In diesem Jahr stellt sich die Lage allerdings ganz anders dar: Es gibt keinen zentralen Aufmarsch der Nazis, das "nationale und soziale Aktionsbündnis 1.Mai" hat ein dezentrales Konzept angekündigt und momentan sind für den süddeutschen Bereich Aktionen der Faschisten in Hof (Bayern) und in Mannheim bekannt.
Sowohl in Hof als auch in Mannheim gibt es regionale Bündnisse, die Widerstand gegen die Naziaufmärsche organisieren.
In Mannheim ruft z.B. sogar der DGB - ganz anders als 2011 bei uns- im Bündnis zum Blockieren des Naziaufmarsches auf.
Wir sehen deshalb in diesem Jahr nicht die Notwendigkeit, wegen den Nazis auf eigenständige fortschrittliche Mobilisierungen wie unseren antikapitalistischen Block zu verzichten oder diese einzuschränken.

Heisst das, dass aus Heilbronn am 1.Mai keine AntifaschistInnen nach Mannheim fahren werden, um die Aktionen gegen den Naziaufmarsch zu unterstützen?

Robert: Nein, das heisst es nicht. Das heisst nur, dass wir am 1.Mai als antikapitalistische und revolutionäre Linke in der Region Heilbronn den Schwerpunkt auf unseren eigenen politischen Ausdruck legen werden.
Das heisst für uns konkret die Teilnahme am antikapitalistischen Block in der Gewerkschaftsdemo, die bereits um 10.30 Uhr am DGB- Haus beginnt.
Danach werden viele von uns sich auf den Weg nach Mannheim machen und sich dort an den antifaschistischen Aktionen beteiligen.

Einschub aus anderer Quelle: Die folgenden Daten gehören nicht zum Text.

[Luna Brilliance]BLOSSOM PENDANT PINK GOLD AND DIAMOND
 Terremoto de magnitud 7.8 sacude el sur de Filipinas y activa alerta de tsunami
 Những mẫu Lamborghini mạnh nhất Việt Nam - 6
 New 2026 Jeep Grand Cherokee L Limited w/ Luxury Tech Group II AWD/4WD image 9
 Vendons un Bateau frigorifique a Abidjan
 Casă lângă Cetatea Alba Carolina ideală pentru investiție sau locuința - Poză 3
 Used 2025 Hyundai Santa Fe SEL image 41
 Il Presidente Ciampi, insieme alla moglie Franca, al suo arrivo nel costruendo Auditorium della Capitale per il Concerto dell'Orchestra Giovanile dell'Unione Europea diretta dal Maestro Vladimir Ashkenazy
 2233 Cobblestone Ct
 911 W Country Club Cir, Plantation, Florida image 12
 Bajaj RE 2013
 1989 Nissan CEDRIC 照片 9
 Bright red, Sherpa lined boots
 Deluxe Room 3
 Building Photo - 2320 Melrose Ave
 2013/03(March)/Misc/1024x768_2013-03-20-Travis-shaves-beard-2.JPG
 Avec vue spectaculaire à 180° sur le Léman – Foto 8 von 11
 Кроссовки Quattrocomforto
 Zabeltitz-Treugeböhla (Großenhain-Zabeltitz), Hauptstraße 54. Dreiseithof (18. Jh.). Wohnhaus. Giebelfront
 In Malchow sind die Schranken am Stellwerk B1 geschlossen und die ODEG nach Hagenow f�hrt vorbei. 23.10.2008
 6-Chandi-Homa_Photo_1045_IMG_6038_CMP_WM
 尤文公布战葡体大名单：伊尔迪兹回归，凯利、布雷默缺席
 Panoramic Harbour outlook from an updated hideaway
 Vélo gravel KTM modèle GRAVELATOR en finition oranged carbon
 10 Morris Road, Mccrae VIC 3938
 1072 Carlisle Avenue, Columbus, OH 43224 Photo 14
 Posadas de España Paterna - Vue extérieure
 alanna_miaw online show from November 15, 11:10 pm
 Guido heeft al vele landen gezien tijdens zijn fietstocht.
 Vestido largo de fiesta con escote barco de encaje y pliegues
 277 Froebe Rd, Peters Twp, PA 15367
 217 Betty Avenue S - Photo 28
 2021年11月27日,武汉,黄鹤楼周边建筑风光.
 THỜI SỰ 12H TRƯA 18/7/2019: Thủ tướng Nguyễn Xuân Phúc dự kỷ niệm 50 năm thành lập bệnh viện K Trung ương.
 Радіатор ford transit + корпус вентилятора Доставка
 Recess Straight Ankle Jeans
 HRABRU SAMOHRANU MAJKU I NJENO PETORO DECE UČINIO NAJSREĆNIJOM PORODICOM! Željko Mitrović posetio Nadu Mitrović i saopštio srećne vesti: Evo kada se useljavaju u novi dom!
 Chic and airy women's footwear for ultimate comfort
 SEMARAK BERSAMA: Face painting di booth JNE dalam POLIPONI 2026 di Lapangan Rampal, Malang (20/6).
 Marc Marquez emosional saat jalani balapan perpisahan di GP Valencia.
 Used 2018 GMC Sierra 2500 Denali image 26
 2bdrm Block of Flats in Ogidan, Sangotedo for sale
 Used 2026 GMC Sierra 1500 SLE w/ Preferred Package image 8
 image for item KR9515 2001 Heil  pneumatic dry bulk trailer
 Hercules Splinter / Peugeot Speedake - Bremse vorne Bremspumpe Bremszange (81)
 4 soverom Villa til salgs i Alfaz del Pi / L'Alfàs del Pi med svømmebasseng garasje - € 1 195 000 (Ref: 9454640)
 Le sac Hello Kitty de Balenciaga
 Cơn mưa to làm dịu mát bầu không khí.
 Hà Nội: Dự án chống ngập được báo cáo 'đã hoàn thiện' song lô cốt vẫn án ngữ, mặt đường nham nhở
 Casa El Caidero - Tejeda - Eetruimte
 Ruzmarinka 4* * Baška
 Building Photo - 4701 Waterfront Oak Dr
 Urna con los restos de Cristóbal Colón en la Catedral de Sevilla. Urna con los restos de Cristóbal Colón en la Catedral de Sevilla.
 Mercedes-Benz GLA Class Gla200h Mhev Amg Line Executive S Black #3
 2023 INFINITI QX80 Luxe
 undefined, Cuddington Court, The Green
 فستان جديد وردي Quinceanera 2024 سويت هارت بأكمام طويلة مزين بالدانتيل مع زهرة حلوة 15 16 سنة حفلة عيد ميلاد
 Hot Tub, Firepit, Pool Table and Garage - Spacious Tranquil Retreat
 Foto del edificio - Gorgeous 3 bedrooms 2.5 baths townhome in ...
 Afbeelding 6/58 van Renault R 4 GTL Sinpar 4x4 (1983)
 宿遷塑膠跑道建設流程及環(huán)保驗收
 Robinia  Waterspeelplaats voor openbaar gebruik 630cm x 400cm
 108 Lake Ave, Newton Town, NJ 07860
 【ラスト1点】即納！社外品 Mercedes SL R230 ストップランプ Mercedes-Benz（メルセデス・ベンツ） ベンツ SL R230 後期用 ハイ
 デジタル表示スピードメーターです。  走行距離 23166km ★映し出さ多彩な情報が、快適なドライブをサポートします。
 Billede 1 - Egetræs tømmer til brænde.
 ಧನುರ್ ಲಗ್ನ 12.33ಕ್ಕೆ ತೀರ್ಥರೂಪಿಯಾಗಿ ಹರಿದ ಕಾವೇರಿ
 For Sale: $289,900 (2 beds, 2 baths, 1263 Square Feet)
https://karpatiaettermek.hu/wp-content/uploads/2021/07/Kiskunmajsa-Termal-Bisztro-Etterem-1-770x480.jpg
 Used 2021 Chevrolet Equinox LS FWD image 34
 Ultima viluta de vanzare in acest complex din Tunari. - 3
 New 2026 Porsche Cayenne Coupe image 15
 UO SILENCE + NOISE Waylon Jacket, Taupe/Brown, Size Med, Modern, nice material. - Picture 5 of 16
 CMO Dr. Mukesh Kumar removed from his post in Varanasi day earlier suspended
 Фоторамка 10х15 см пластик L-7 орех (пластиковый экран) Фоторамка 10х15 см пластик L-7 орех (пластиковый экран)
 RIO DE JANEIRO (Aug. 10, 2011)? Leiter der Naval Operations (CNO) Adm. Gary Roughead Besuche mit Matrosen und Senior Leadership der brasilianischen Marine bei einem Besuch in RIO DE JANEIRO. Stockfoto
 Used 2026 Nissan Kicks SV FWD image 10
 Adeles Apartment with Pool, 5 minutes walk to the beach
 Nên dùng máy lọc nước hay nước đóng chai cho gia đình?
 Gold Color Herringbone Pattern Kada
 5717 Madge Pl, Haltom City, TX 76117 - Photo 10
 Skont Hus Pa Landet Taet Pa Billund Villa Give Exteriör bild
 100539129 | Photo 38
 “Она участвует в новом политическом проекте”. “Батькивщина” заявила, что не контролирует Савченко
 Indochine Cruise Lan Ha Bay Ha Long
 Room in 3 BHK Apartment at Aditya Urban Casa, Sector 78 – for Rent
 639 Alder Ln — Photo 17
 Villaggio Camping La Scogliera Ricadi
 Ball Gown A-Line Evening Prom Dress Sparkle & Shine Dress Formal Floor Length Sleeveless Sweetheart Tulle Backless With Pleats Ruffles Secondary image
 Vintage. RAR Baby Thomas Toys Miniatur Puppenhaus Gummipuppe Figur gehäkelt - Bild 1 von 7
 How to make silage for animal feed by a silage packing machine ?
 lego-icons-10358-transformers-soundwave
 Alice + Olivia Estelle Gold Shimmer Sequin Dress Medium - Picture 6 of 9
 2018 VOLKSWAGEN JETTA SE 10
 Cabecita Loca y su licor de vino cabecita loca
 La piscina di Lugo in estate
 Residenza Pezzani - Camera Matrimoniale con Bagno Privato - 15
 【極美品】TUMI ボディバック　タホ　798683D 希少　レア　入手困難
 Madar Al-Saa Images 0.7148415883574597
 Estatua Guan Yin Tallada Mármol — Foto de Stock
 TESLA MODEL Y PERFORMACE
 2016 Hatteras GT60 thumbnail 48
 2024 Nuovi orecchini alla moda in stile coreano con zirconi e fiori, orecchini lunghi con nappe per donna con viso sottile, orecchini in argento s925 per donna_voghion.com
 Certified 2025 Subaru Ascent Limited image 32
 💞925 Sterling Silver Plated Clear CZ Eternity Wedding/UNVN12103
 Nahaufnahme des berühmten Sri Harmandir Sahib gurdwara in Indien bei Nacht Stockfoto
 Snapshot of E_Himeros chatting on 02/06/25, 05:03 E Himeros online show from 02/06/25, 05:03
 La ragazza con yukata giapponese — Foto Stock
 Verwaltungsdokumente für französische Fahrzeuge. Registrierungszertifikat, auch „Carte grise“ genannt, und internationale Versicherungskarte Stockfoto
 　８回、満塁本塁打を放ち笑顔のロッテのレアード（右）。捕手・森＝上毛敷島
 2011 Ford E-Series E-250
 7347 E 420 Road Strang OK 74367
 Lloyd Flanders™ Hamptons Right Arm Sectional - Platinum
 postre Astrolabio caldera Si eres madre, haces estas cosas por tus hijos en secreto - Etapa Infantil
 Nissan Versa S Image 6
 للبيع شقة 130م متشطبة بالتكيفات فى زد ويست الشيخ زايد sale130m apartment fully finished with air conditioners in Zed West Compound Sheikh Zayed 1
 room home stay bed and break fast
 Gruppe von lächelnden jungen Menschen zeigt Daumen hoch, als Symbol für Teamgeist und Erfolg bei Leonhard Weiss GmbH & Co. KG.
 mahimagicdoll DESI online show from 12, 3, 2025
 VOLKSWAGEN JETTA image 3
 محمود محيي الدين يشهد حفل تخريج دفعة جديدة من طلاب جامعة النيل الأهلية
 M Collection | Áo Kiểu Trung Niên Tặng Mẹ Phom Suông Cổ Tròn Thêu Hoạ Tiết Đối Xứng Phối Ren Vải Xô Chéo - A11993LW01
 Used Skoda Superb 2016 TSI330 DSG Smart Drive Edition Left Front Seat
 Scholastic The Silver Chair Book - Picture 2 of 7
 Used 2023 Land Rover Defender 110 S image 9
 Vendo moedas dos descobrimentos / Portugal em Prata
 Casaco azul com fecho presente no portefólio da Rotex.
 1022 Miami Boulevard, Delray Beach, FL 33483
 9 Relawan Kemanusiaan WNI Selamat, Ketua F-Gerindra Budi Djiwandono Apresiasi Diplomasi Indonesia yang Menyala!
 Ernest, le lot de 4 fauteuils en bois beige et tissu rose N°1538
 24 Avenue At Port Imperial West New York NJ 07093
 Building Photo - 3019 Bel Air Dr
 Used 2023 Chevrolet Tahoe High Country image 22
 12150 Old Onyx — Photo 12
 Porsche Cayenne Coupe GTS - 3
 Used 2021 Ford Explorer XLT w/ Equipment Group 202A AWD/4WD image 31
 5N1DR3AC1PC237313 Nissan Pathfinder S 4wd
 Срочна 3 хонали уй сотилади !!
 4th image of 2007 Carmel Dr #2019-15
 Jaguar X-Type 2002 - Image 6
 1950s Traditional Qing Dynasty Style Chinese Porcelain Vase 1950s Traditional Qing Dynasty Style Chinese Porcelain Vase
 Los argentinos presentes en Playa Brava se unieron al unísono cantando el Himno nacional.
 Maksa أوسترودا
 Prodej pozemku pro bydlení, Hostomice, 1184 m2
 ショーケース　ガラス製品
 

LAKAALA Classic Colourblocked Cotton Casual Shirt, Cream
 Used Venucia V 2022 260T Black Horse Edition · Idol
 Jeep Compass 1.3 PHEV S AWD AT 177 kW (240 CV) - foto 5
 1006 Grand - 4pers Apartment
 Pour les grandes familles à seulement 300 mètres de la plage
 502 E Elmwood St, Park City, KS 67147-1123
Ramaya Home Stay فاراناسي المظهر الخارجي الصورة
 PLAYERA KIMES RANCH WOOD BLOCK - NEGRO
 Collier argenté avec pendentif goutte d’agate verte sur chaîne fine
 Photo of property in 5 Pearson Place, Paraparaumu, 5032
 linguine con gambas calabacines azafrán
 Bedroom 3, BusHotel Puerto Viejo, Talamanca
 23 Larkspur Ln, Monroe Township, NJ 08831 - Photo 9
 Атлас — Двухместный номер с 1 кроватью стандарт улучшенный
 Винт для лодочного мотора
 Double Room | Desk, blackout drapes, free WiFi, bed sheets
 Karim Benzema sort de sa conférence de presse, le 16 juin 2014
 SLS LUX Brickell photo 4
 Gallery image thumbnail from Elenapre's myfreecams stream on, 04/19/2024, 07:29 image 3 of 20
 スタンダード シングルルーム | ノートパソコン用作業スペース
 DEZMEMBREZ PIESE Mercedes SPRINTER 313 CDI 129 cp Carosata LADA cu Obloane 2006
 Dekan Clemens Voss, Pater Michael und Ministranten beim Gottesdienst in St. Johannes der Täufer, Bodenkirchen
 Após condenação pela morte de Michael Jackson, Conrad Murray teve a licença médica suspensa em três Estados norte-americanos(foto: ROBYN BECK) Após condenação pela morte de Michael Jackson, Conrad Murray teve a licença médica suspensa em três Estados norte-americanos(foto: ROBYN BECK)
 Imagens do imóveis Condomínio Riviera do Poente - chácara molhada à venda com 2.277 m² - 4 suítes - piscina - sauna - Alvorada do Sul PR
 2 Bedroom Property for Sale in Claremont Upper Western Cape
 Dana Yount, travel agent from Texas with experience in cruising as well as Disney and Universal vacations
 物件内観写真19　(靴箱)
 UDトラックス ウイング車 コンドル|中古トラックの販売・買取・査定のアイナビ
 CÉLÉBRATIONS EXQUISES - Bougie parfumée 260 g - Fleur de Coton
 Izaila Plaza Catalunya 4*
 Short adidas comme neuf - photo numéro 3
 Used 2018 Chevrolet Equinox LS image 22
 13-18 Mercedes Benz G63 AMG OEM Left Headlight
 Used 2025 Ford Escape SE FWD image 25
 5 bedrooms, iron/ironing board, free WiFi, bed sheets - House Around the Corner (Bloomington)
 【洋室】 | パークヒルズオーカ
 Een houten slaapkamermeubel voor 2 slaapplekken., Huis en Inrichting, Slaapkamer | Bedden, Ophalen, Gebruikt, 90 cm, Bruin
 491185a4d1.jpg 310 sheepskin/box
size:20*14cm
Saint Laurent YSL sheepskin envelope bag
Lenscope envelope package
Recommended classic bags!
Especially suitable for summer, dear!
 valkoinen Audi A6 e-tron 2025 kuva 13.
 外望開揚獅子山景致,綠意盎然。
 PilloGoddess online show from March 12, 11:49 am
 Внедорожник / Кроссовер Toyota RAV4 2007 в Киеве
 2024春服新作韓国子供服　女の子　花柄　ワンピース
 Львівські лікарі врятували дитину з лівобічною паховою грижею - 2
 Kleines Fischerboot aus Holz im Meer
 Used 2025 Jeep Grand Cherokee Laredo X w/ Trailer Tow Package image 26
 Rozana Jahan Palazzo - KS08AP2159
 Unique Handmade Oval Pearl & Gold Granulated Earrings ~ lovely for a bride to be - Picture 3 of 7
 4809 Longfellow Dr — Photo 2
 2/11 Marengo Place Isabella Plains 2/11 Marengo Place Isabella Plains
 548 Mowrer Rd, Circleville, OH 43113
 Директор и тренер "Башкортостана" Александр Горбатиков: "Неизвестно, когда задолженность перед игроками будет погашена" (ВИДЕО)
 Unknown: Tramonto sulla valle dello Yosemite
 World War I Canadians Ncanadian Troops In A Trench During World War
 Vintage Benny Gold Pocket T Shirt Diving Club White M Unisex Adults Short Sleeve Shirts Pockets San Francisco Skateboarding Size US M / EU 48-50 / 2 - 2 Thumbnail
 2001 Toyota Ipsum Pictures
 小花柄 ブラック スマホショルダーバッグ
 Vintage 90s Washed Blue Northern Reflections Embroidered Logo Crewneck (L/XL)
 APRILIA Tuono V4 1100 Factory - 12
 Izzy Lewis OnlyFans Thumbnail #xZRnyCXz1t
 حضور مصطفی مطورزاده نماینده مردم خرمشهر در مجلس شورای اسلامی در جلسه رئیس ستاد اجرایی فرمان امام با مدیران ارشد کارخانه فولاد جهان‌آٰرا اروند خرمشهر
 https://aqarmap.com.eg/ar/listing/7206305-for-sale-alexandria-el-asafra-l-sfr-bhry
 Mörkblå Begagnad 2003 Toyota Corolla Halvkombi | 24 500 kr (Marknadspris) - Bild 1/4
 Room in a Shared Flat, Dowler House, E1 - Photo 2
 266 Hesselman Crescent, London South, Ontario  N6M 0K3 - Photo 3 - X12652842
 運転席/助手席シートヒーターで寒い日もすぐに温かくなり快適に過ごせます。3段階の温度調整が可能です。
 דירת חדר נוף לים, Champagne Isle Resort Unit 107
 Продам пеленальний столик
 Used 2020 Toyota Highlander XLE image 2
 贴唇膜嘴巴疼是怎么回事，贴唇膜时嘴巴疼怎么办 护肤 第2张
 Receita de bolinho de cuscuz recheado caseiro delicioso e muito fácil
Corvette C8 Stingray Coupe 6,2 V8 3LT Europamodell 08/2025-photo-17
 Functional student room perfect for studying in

Denn klar ist, dass wir am 1.Mai nicht den Faschisten die Straße überlassen dürfen, egal in welcher Stadt.

Und wenn im nächsten Jahr wieder ein zentraler Naziaufmarsch in Süddeutschland ansteht?

Robert: Dann muss die Situation eben wieder neu analysiert und eingeschätzt werden. Ein starres oder dogmatisches Festhalten an Aktionsformen oder Konzepten ohne Betrachtung der jeweiligen Situation lehnen wir ab.